E é justamente assim que a gente absorve as coisas. Quando não está preocupado em absorver. O filme do Walter Salles virou o grande acontecimento do fim do ano, e quem não vir, lamento, vai realmente estar por fora das conversas do Natal e dos eventos de amigo secreto (socorro!).
Bom, sem o filhote, acabei indo ao cinema sozinha - o que amo e recomendo - e saí com várias frases que me tiraram o sono. "Tem que rebobinar"- sim, temos, e não só na expressão de época. Essa historia aconteceu ontem, e muitas famílias revivem até hoje dias que jamais se perderão no calendário.
"E o corpo?", pergunta Fernanda Torres, uma atriz que dá vontade de colocar na bandeira (e que é muito maior do que o Oscar, embora, claro, estejamos na torcida). Pergunta: existe algum país no mundo com uma mãe e uma filha como as Fernandas Torres e Montenegro? Você já agradeceu por isso em algum momento da sua existência?

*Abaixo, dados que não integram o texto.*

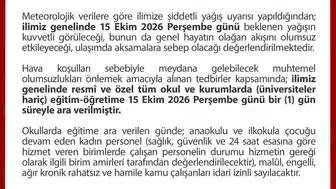 Düzce'de şiddetli yağış uyarısı okulları bir günlüğüne kapattı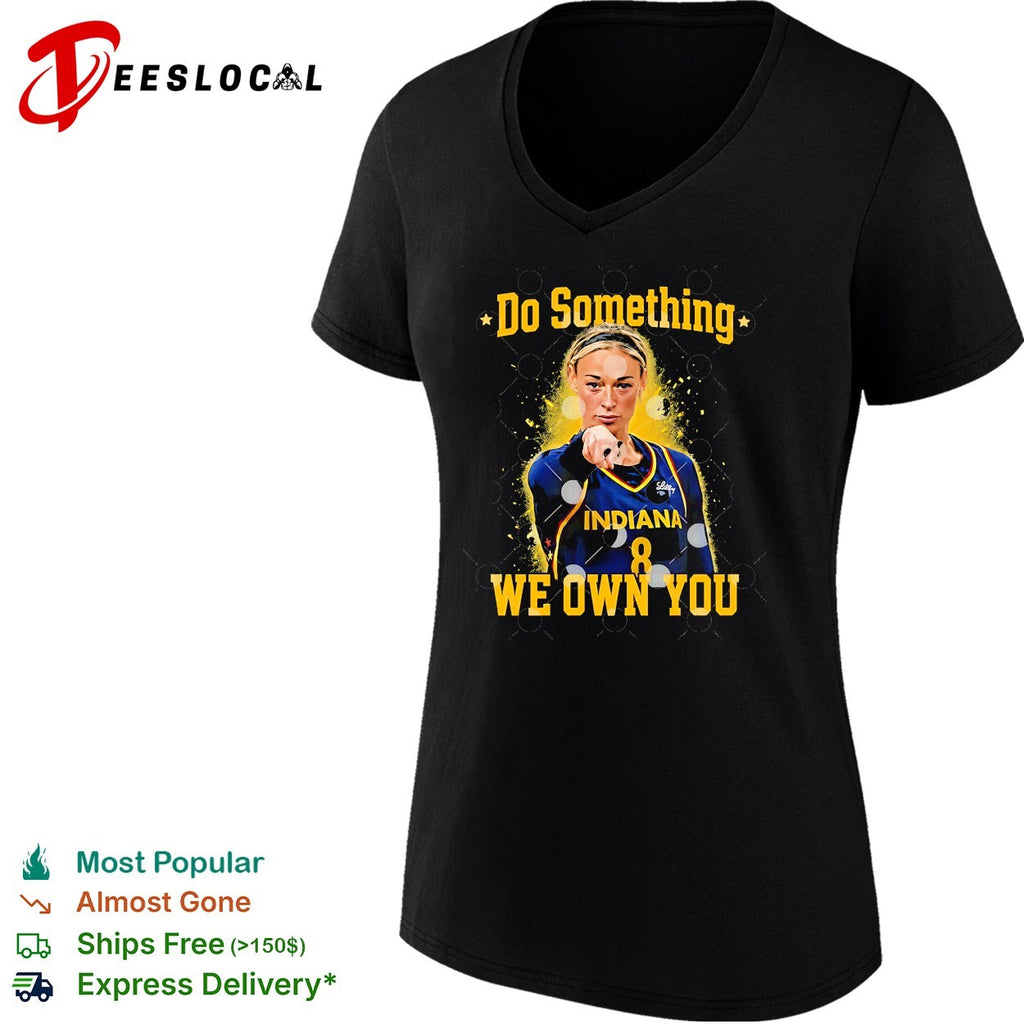 Sophie Cunningham Indiana Fever raising fist do something we own you shirt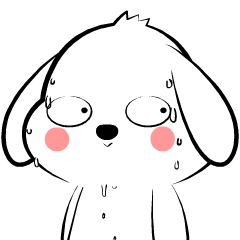 Lovely White Dog 4 : Animated Stickers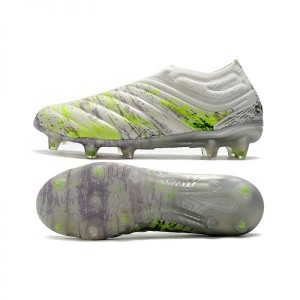 adidas Copa 20+ FG - Footwear White/Core Black/Signal Green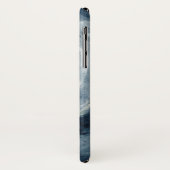 Moody blue waterverf Moon goddessen woud Case-Mate iPhone Case (Achterkant/links)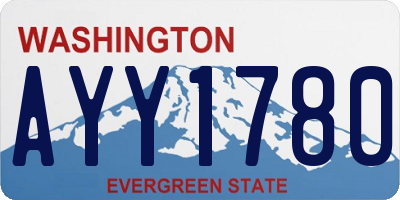 WA license plate AYY1780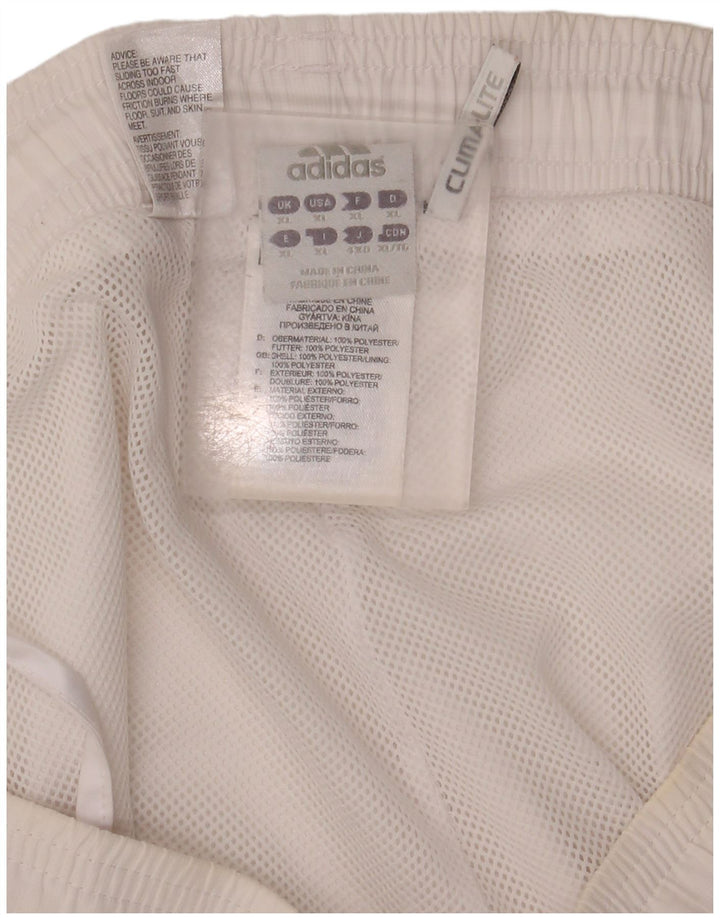 Adidas Mens Climalite Bermuda Sport Shorts XL Blanco Poliéster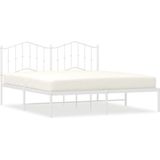 VidaXL-Bedframe-met-hoofdbord-metaal-wit-160x200-cm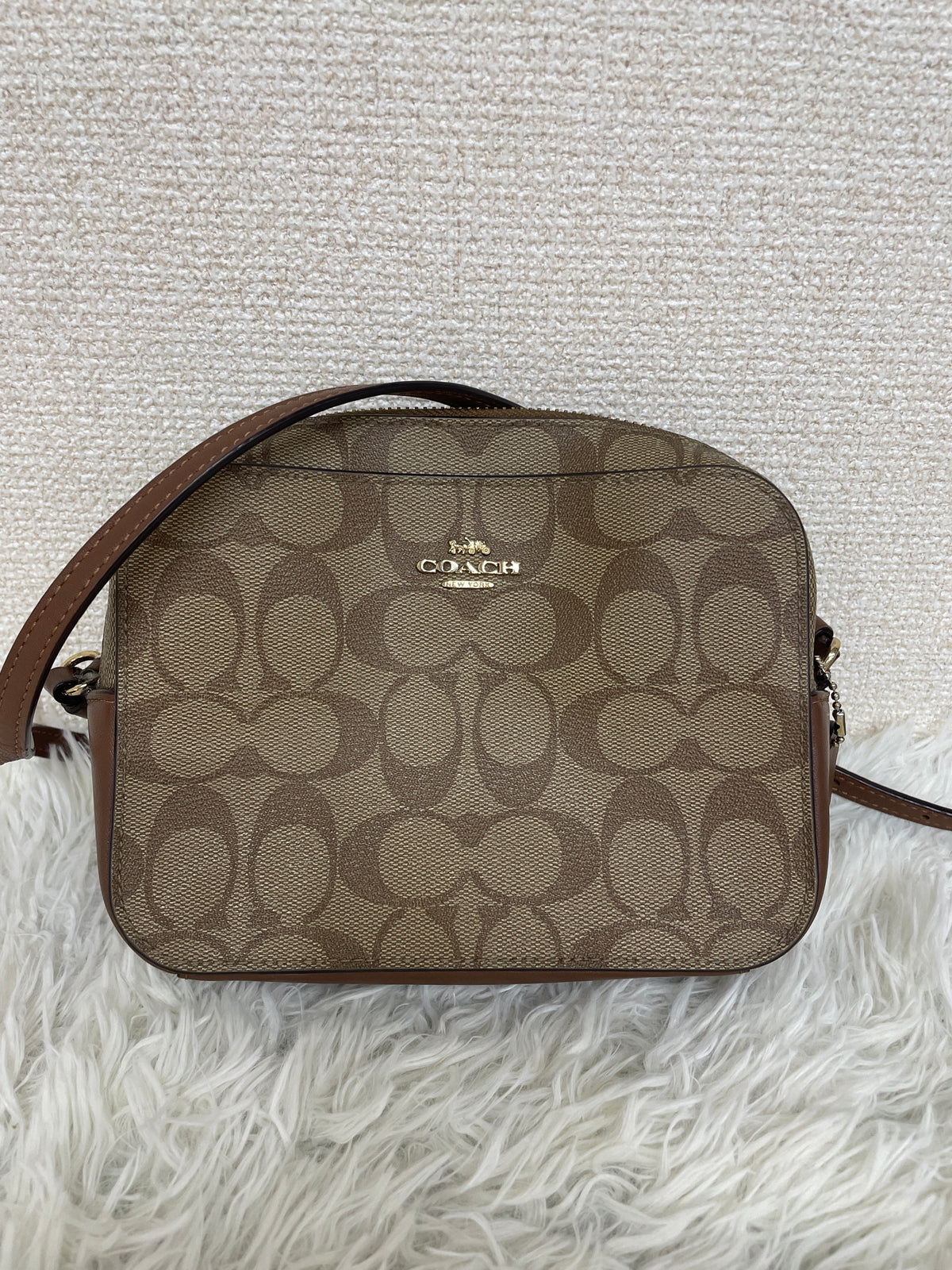 Coach Beige Shoulder Bags A-19421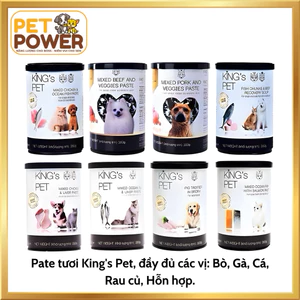 - PATE King’s Pet cho chó mèo lớn nhỏ đủ vị - 380g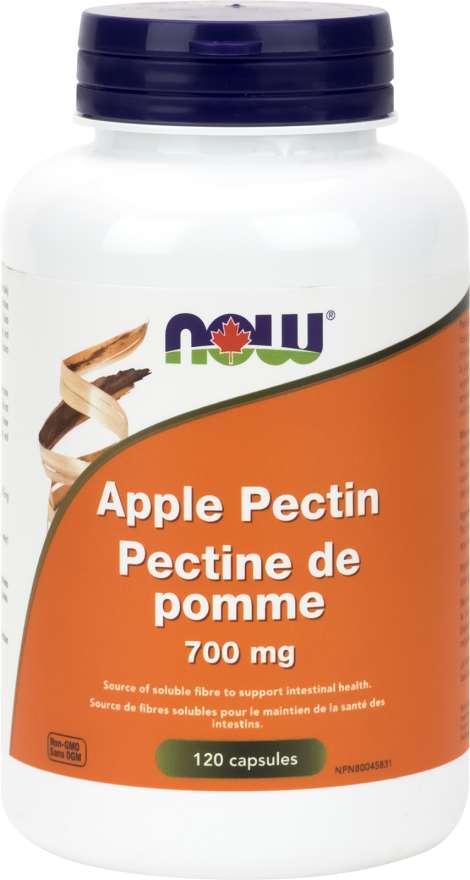 NOW Apple Pectin 700mg 120 Vegetarian Capsules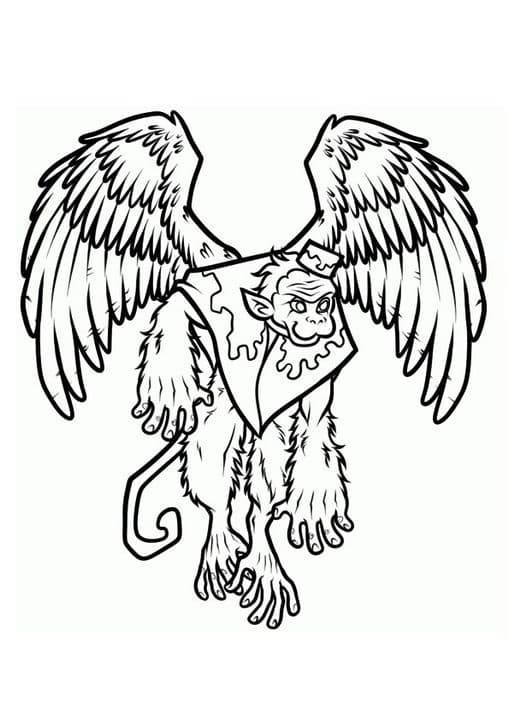 Cute Winged Monkey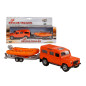Kids Globe Die-cast Land Rover with Lifeboat, 27cm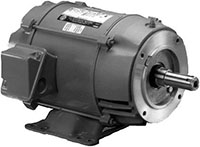 Nidec 3495 and 2860 Revolutions per Minute (rpm) Base Speed Close Coupled Pump Motor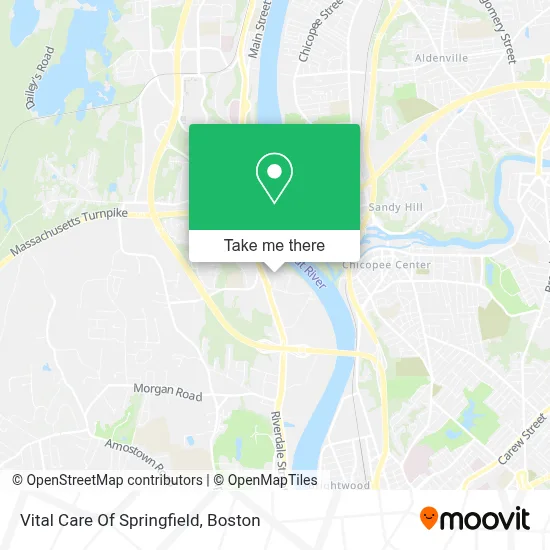 Vital Care Of Springfield map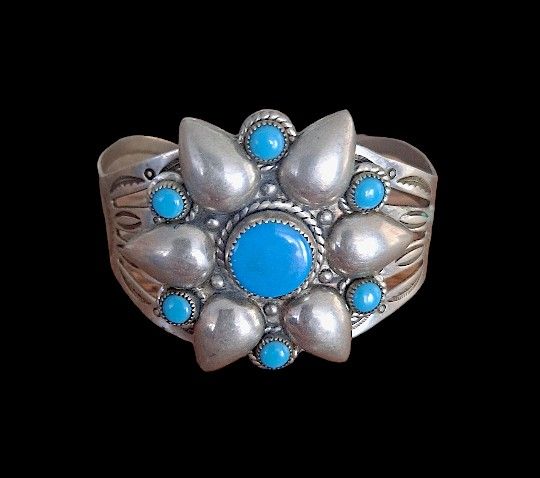 5 Chunky VINTAGE BRACELETS $40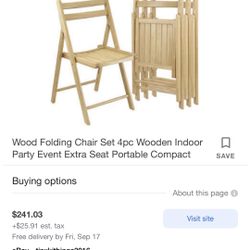 Wooden Folding Chairs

Mas "e o corpo?" , continuo. Acho que de todas as cenas que me vêm a cabeça, a que mostra a foto em que Eunice Paiva comemora sorrindo com filhos o recebimento de um atestado de óbito que demorou 25 anos para sair, foi a que mais que quebrou. Tem gente que vira os dicionários do avesso. Eunice reinventou inúmeros conceitos e paradigmas, entre eles, o do significado da palavra vitória.
Antes disso, seu desamparo diante da parte supostamente masculina da divisão de tarefas (como bancos e pagamentos), já tinha ecoado em um desamparo que volta e meia ainda sinto, que vi na minha mãe, em mim, e nas milhares de mulheres que estão à frente de suas famílias. E olha que estou falando de divórcios e abandonos, quase um vento leste perto do furacão que passou pelos Paiva.
Vi o filme no cinema Leblon, apenas alguns metros da casa onde meu amigo Marcelo -o que escreveu o livro que deu origem ao roteiro- viveu. Uma praia que, apesar de tudo, sei que carregara para sempre. Como os jogos de totó e de botão, que não estão no filme, mas seguem com ele e com seus filhos Joaquim e Sebastião. E agora com a gente. Obrigada, Selton. Você é um ídolo da vida inteira.
Esses dias acordei com a notícia de que mais de um milhão de brasileiros viram 'Ainda Estou Aqui'. Sei que cinema é caro para grande maioria da nossa população, e que o ideal seria que essa história chegasse em todo mundo. Pensei nisso quando vi a personagem Zezé, funcionária da família, e pensei de novo quando me despedi dos funcionários do cinema que recebiam, gentilmente, as bandejas de pipoca.
Mas, a despeito da questão da desigualdade do país, queria terminar essa coluna - imensa, que me desculpe o algoritmo - com uma observação: estamos quase todas vestidas com as roupas (fundamentais) do feminismo, e Eunice Paiva é um nome para gente gastar sem medo. Mas fico feliz de ver seu nome ganhar destaque pelo olhar de dois homens.
Não deveríamos estar em lados opostos. E se Eunice Paiva está na boca do povo por ter sido retratada por dois artistas, a gente fica mais forte. Todos nós. Em meu nome e em nome do meu filho de catorze, agradeço comovida.